* **Entries shown**:
◇ ◇ ◇ ◇ ◇ ◇ ◇

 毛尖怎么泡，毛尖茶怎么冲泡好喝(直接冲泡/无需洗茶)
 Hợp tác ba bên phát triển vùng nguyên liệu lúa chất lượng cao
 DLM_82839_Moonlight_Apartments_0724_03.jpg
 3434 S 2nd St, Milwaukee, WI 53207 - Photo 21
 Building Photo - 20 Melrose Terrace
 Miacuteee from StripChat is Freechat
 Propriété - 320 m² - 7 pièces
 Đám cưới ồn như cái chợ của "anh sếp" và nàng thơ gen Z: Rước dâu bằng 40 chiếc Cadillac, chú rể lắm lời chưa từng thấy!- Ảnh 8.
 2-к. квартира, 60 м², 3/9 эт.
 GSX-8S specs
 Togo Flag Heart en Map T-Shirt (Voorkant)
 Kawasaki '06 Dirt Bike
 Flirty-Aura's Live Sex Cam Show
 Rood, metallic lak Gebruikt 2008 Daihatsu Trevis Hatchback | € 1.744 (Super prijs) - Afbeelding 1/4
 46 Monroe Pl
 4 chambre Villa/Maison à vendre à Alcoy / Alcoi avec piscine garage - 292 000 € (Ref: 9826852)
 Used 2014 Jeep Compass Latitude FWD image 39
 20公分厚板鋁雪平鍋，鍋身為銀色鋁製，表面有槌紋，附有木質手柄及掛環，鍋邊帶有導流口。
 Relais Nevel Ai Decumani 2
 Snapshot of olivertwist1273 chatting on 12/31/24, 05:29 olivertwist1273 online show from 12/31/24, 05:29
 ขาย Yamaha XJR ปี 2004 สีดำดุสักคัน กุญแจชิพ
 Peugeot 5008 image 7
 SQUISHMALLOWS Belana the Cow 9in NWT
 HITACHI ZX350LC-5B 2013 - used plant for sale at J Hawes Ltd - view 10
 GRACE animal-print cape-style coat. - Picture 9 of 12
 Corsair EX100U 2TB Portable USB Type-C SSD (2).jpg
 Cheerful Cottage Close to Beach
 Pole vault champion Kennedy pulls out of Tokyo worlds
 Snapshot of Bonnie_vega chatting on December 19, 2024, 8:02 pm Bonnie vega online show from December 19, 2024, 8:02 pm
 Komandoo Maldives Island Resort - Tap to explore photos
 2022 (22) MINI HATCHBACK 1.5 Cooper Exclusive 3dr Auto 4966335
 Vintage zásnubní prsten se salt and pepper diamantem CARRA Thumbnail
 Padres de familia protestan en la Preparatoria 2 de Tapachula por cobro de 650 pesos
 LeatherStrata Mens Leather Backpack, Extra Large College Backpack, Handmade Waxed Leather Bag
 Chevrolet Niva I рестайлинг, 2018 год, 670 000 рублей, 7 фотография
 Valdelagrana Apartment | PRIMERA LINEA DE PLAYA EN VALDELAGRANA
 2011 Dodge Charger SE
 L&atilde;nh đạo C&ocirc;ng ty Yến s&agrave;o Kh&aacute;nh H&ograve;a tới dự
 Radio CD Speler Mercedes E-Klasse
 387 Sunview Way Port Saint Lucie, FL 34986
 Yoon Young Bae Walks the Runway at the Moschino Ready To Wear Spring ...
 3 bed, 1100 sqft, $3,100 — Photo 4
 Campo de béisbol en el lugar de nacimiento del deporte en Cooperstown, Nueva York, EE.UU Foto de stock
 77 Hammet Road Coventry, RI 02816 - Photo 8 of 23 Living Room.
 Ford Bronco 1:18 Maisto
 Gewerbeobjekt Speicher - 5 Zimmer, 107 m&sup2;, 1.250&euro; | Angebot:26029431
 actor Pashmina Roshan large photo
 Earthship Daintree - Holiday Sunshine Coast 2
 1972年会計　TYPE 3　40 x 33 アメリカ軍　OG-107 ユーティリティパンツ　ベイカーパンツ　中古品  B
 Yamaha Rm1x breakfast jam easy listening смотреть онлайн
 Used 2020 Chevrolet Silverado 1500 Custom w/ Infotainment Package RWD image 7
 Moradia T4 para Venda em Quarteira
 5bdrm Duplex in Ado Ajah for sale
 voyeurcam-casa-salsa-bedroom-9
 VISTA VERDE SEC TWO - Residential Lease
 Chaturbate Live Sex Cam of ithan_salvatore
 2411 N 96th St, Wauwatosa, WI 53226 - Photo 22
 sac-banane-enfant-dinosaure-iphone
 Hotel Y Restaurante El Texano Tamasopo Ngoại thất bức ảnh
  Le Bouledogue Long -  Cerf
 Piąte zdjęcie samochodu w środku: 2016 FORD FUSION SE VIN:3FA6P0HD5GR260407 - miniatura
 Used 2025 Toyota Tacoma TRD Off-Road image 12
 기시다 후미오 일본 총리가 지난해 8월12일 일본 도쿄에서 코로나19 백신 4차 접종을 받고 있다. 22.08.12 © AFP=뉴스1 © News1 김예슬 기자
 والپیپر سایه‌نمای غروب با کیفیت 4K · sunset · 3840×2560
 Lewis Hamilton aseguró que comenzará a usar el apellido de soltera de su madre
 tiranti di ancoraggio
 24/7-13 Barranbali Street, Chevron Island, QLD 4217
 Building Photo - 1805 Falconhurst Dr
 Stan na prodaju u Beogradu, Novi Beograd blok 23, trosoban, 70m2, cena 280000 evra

◇ ◇ ◇ ◇ ◇ ◇ ◇

* **What this task involves**:
Take the lines above from the one containing "Snapshot of Bonnie_vega" to the one containing "Piąte zdjęcie samochodu" and retype them exactly, both ends included, with nothing added.

* **Task output**:
 Snapshot of Bonnie_vega chatting on December 19, 2024, 8:02 pm Bonnie vega online show from December 19, 2024, 8:02 pm
 Komandoo Maldives Island Resort - Tap to explore photos
 2022 (22) MINI HATCHBACK 1.5 Cooper Exclusive 3dr Auto 4966335
 Vintage zásnubní prsten se salt and pepper diamantem CARRA Thumbnail
 Padres de familia protestan en la Preparatoria 2 de Tapachula por cobro de 650 pesos
 LeatherStrata Mens Leather Backpack, Extra Large College Backpack, Handmade Waxed Leather Bag
 Chevrolet Niva I рестайлинг, 2018 год, 670 000 рублей, 7 фотография
 Valdelagrana Apartment | PRIMERA LINEA DE PLAYA EN VALDELAGRANA
 2011 Dodge Charger SE
 L&atilde;nh đạo C&ocirc;ng ty Yến s&agrave;o Kh&aacute;nh H&ograve;a tới dự
 Radio CD Speler Mercedes E-Klasse
 387 Sunview Way Port Saint Lucie, FL 34986
 Yoon Young Bae Walks the Runway at the Moschino Ready To Wear Spring ...
 3 bed, 1100 sqft, $3,100 — Photo 4
 Campo de béisbol en el lugar de nacimiento del deporte en Cooperstown, Nueva York, EE.UU Foto de stock
 77 Hammet Road Coventry, RI 02816 - Photo 8 of 23 Living Room.
 Ford Bronco 1:18 Maisto
 Gewerbeobjekt Speicher - 5 Zimmer, 107 m&sup2;, 1.250&euro; | Angebot:26029431
 actor Pashmina Roshan large photo
 Earthship Daintree - Holiday Sunshine Coast 2
 1972年会計　TYPE 3　40 x 33 アメリカ軍　OG-107 ユーティリティパンツ　ベイカーパンツ　中古品  B
 Yamaha Rm1x breakfast jam easy listening смотреть онлайн
 Used 2020 Chevrolet Silverado 1500 Custom w/ Infotainment Package RWD image 7
 Moradia T4 para Venda em Quarteira
 5bdrm Duplex in Ado Ajah for sale
 voyeurcam-casa-salsa-bedroom-9
 VISTA VERDE SEC TWO - Residential Lease
 Chaturbate Live Sex Cam of ithan_salvatore
 2411 N 96th St, Wauwatosa, WI 53226 - Photo 22
 sac-banane-enfant-dinosaure-iphone
 Hotel Y Restaurante El Texano Tamasopo Ngoại thất bức ảnh
  Le Bouledogue Long -  Cerf
 Piąte zdjęcie samochodu w środku: 2016 FORD FUSION SE VIN:3FA6P0HD5GR260407 - miniatura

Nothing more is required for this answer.